Ces fermetures interviennent alors que les autorités de pays occidentaux dans lesquels la NSA et ses homologues ont sévi, de Barack Obama aux responsables allemands du renseignement, s’efforcent, contre toute évidence, de nier l’étendue du scandale des écoutes. Dans ce contexte très peu rassurant, il vaut la peine de lire les interviews accordées par Phil Zimmermann, inventeur du système de cryptage pour emails Pretty Good Privacy, à GigaOm et à Forbes. Phil Zimmermann, qui est considéré comme un des pionniers de la protection de la sphère privée sur le Net, est un des cofondateurs de Silent Circle : il est donc bien placé pour expliquer les raisons de cette alarmante décision des deux messageries de mettre un terme à leur activité de cryptage des emails.

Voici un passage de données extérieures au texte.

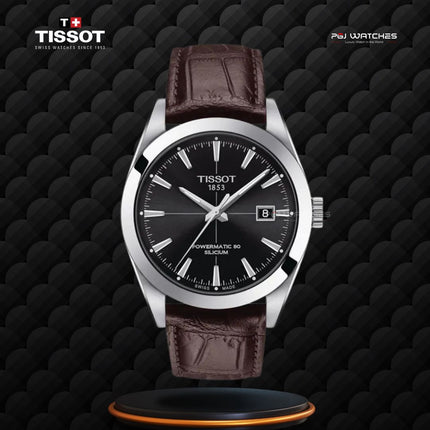 TISSOT T-Classic Gentleman Men Black Dial Brown Leather Strap - T127.407.16.051.01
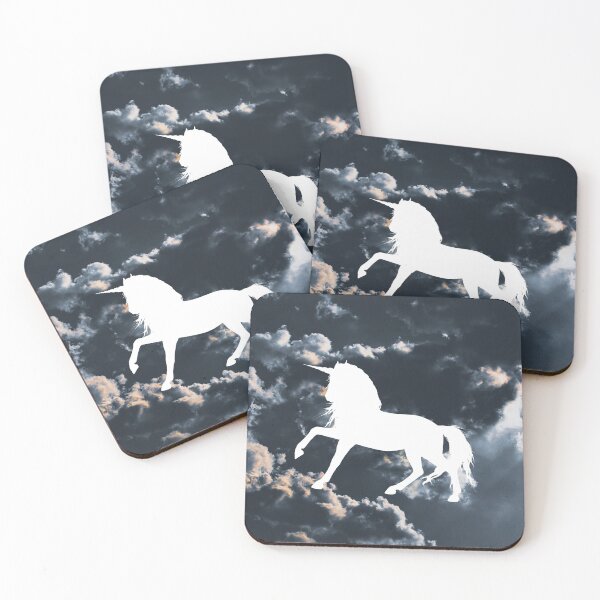 Item preview, Magical but Stabby Grey Clouds White Unicorn designed and sold by BohoMoon.
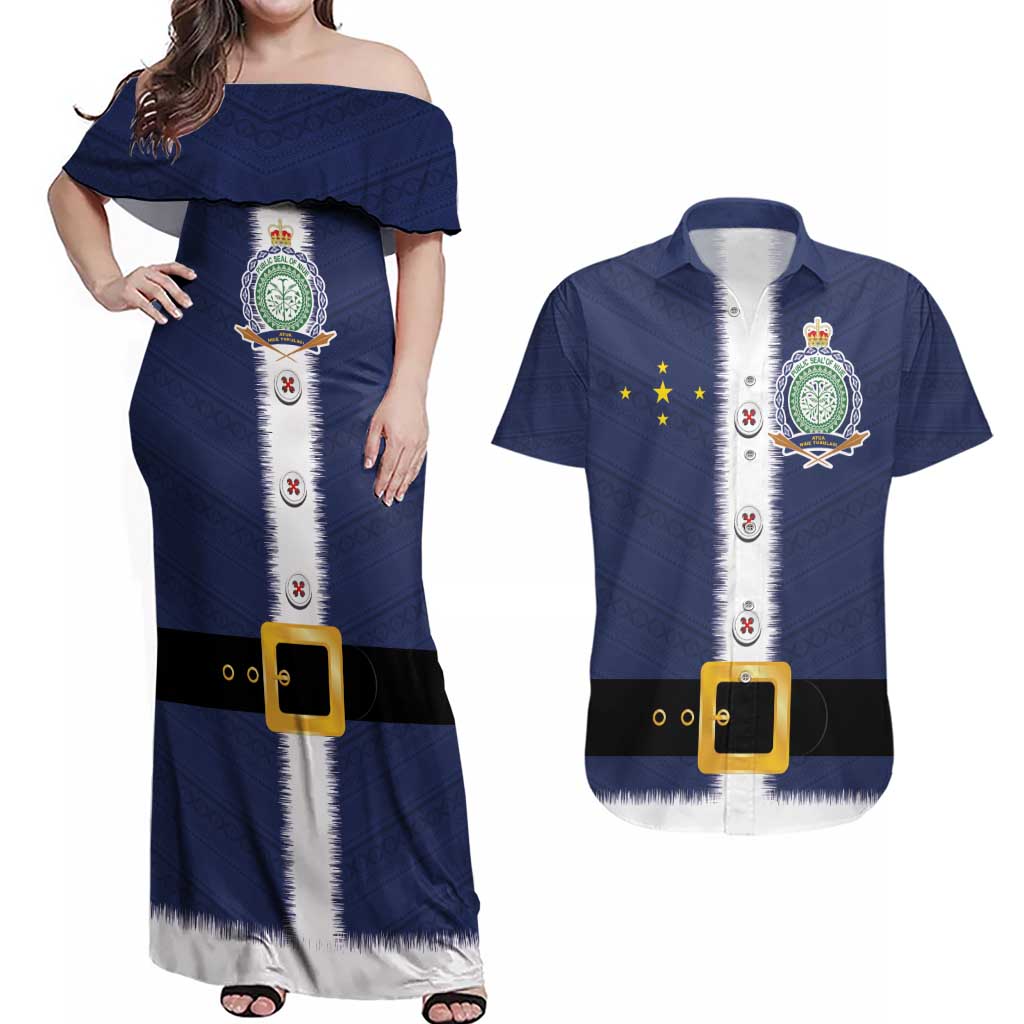 Niue Merry Christmas Couples Matching Off Shoulder Maxi Dress and Hawaiian Shirt Santa Suit Style With Hiapo Pattern LT03 Blue - Polynesian Pride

Les deux principaux postulats de Phil Zimmermann sont d’une part que les avancées technologiques servent la cause de la surveillance, et que tout s’est emballé depuis le 11 septembre 2001. La loi de Moore, qui prévoit que le nombre de transistors sur un circuit intégré double tous les deux ans, et qui est utilisée aujourd’hui pour évoquer de façon plus générale l’augmentation exponentielle de la puissance de calcul disponible, constitue en soi une menace pour la sphère privée. Zimmermann l’appelle une « loi aveugle de la nature » et estime qu’elle est poussée dans une direction bien précise sous la pression de la sphère politique, à savoir vers davantage de surveillance. Zimmermann n’est que modérément optimiste quant à nos chances d’inverser cette tendance : « Le flux naturel de la technologie tend à évoluer dans une direction qui facilite la surveillance ».
Ceci dit, les décisions des deux services concernent l’email, alors que leurs moyens de protection pour d’autres applications en ligne, notamment les messageries instantanées, continuent de fonctionner. Phil Zimmermann recommande d’ailleurs de recourir aux messageries instantanées, plus difficiles à tracer. Il indique que Silent Circle envisage de déplacer une partie de ses serveurs du Canada en Suisse.
L’architecture de l’email est ainsi faite qu’il est relativement facile pour les agences gouvernementales d’intercepter et d’dentifier l’ « enveloppe » d’un email (émetteur, destinataire, heure d’envoi…). Si le texte qu’il contient est crypté, ces agences peuvent être tentées de se tourner vers des services comme Lavabit ou Silent Circle pour qu’ils fournissent la clé dont ils disposent pour le décrypter. C’est la crainte de cette éventualité qui les a poussés à se saborder, effaçant toutes les données email de leurs clients – une décision radicale qui en a naturellement irrité plus d’un. Au vu de la détérioration avancée du paysage de la surveillance, Phil Zimmermann ne croit pas que la seule cryptographie soit suffisante pour redresser la barre : il faut à son avis « une pression contraire dans l’espace politique ».